Noel Gallagher on Loving ‘Seinfeld,’ Hating Most Everything Else
“Not great, not bad, just a fucking ‘nother day,” Noel Gallagher says with a bored sigh. It’s afternoon in London, and the famously sour-tongued songwriter is calling while on a break from tour rehearsals for Chasing Yesterday, the second album by Noel Gallagher‘s High Flying Birds, the solo project he began after Oasis‘ 2009 split. Gallagher produced the LP himself, calling in session players to create a lush psychedelic vibe unlike anything he’s ever done. “I’m loving the solitary aspect of being in the studio on my own,” he says. “I spent 20 years in a band making records by committee. I’m fucked if I’m going to do that now. I think Oasis was at its best when I was solely in charge, anyway.”
How are rehearsals going? Are you excited to tour this album?
Of course. It’s the yin to the album’s yang, isn’t it? Who would want to be Brian Wilson, sitting in a studio in a nappy, eating a fucking carrot with your little fat feet in a sandpit, not going on tour? Fuck that.
Are you feeling good about the album?
Oh, yeah. There’s no way you would be even getting to hear it if I didn’t fucking like it. The last record was produced by a professional producer, and it sounded expensive. This one was produced by me, so it’s more rough around the edges. It’s got more character.
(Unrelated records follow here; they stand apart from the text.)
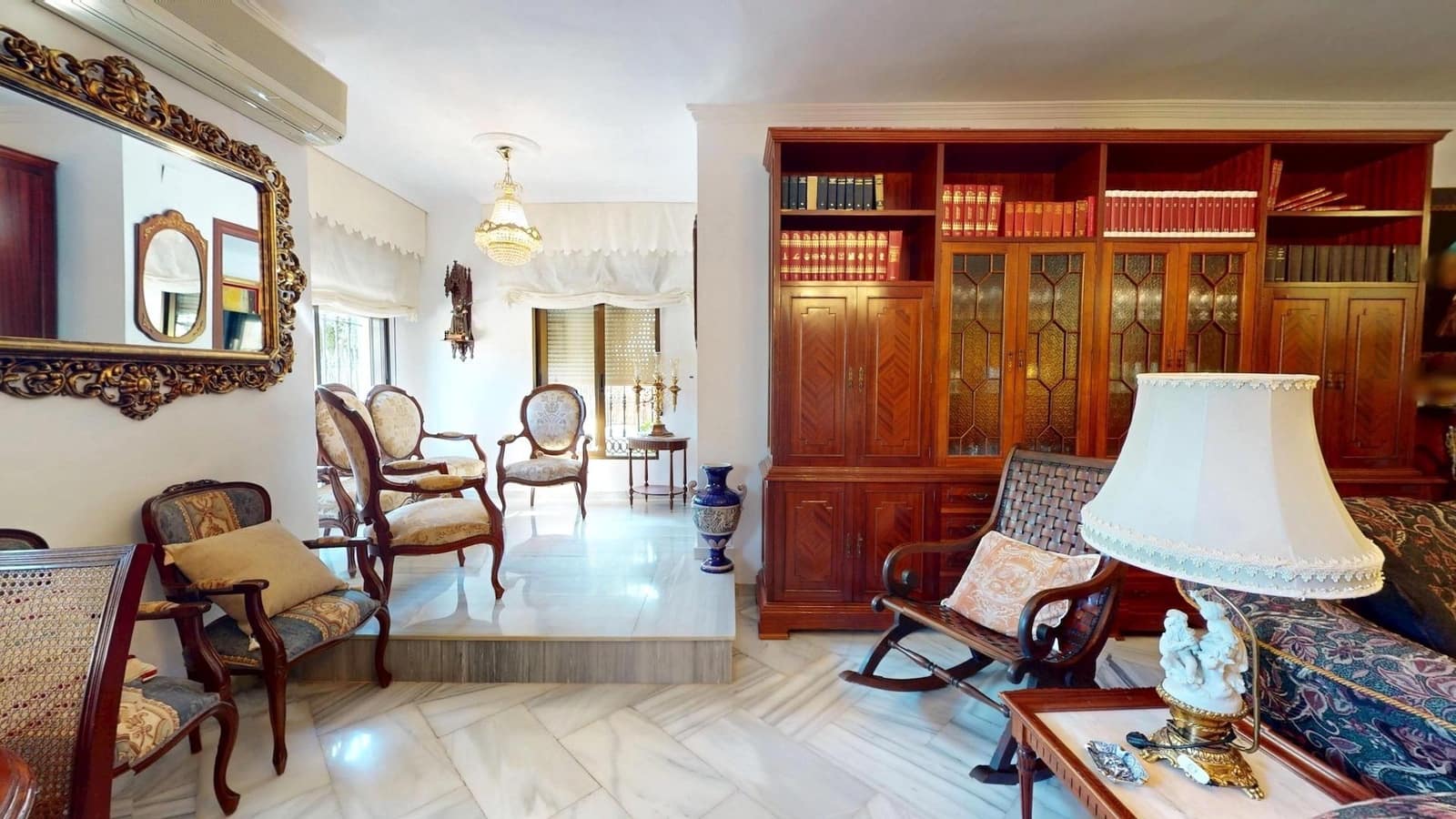 7 soveværelse Villa til salg i Cordoba by med swimmingpool - € 395.000 (Ref: 9943675)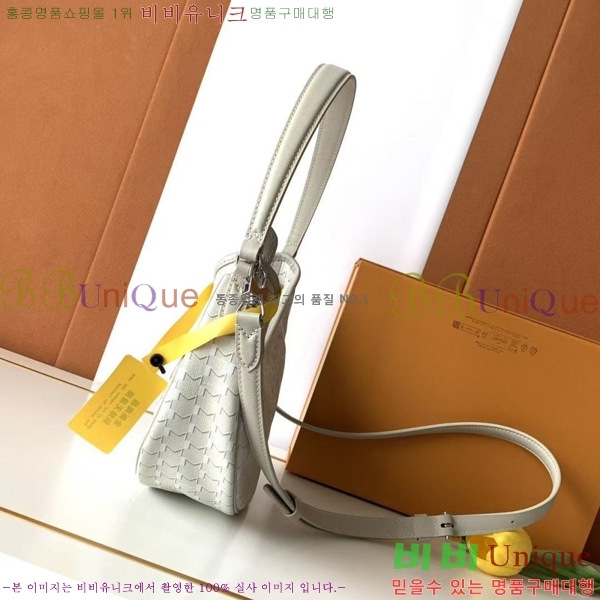 #���̳� ȣ���� M8219-1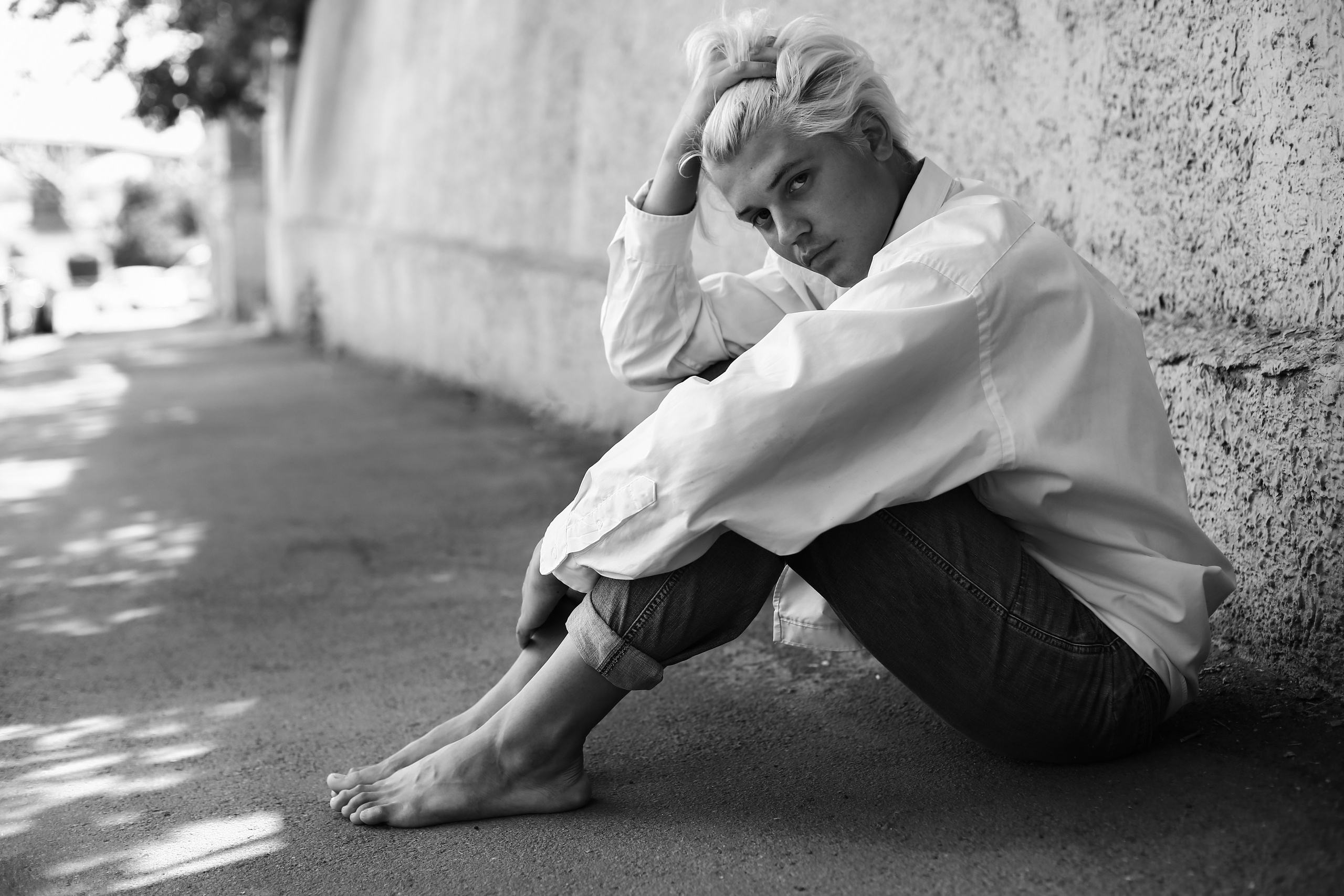 Красивый блондин смотрит в камеру и  о чем то мечтает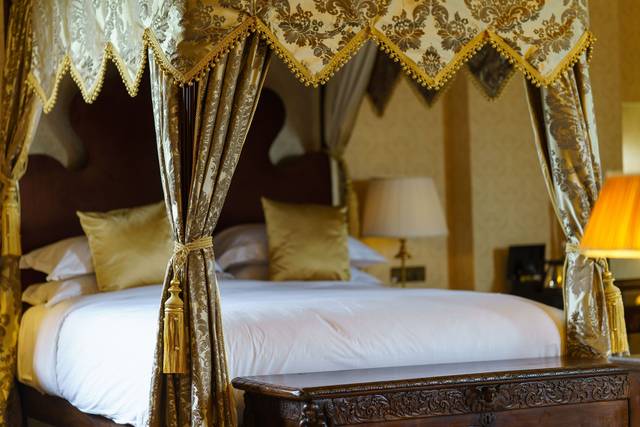 Four poster beds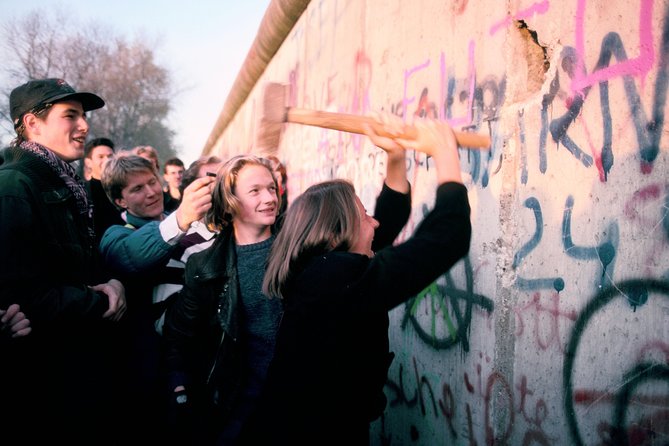 Wall Tour Berlin - Fates, Heroes & Love Stories - How a Wall Was Made Real: Ulbricht’s Line to August 1961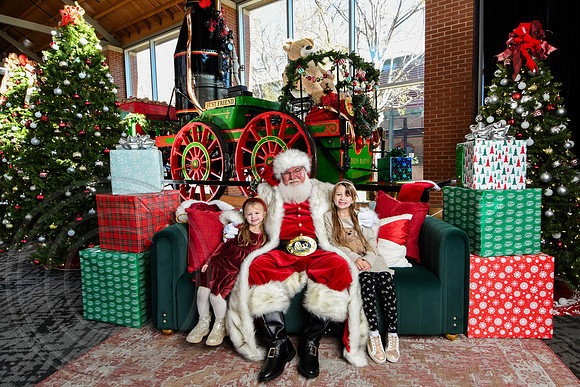 RKPhoto-2025-TheCharlestonSanta-Nov28-0001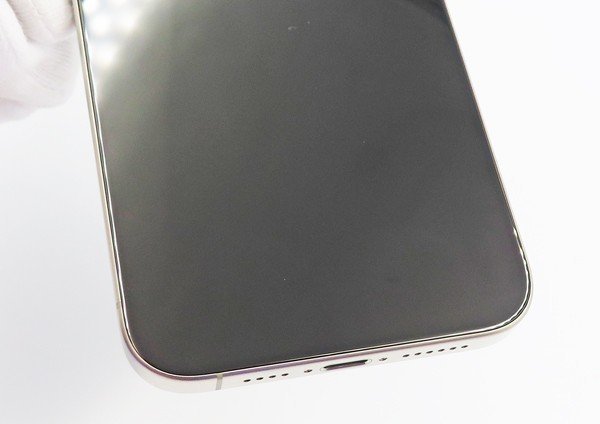 ◇美品【Apple】iPhone 15 Pro Max 256GB SIMフリー MU6R3J/A スマートフォン ナチュラルチタニウム バッテリー最大容量100％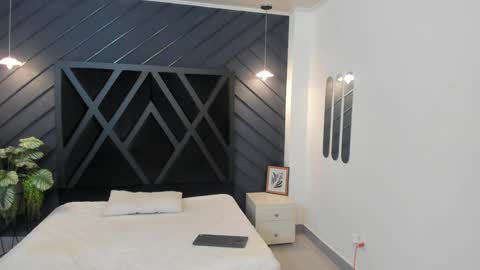 YEIKO ROMERO online show from February 2025 06:08:02 PM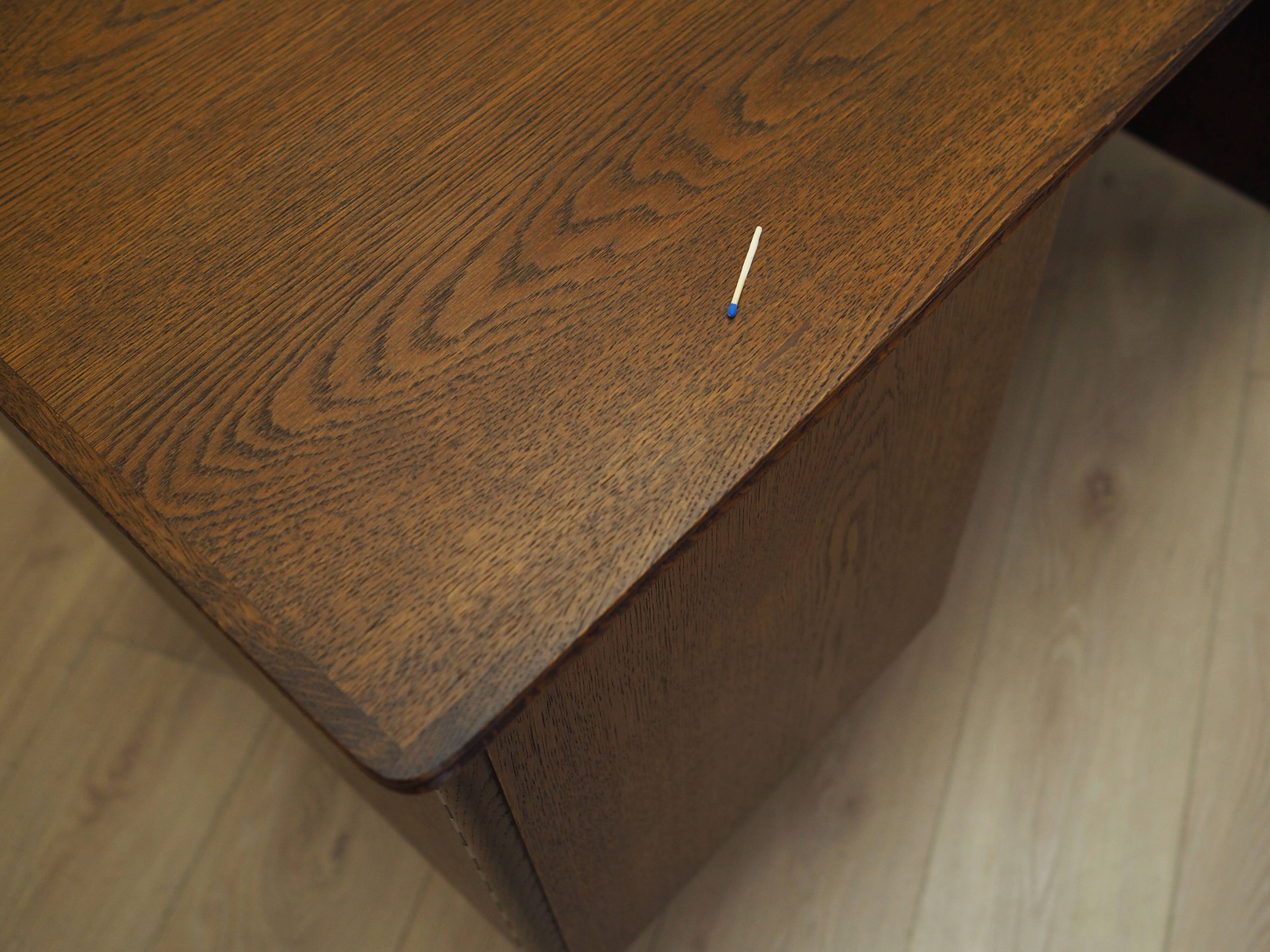 Oak desk, Danish design, 1970s, production: Denmark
And there’s a bit more guitar action on this one, where the last one was very choral and symphonic. Apart from that, they’re fucking identical.
Your new song “Riverman” has a Pink Floyd-style saxophone solo, which is pretty unexpected. What would you have said back when Oasis were getting started if someone had suggested adding a sax part to, say, “Live Forever”?
[Laughs] Well, that conversation wouldn’t have lasted very long, and it would’ve ended with somebody being shown the exit door. But that was 20 years ago. You can’t stay playing a Les Paul through a Marshall stack forever.
What’s your lifestyle like now compared to those days?
If I can give you an analogy — back in the early days of Oasis, my lifestyle was like a wild fire-breathing dragon. My lifestyle now is like a faithful sheepdog. When you’re 24 in the biggest band in the world, I’m sure you can work out all the nonsense that entails. When you’re a 47-year-old solo artist, it’s different. You become a fucking pussy, is what happens. But if you still behave at 47 the way you were behaving at 24, you’d be a bit of a dick, wouldn’t you?
Do you live full-time in London these days?
Yeah, I live right in the heart of the city. I did spend a bit of time in the late Nineties out in the country, and it’s got its benefits. But I was born in the city, in Manchester, so I’m very, very used to noise and traffic and police cars and junkies and fucking beggars and prostitutes and all that kind of thing. And that’s just for breakfast.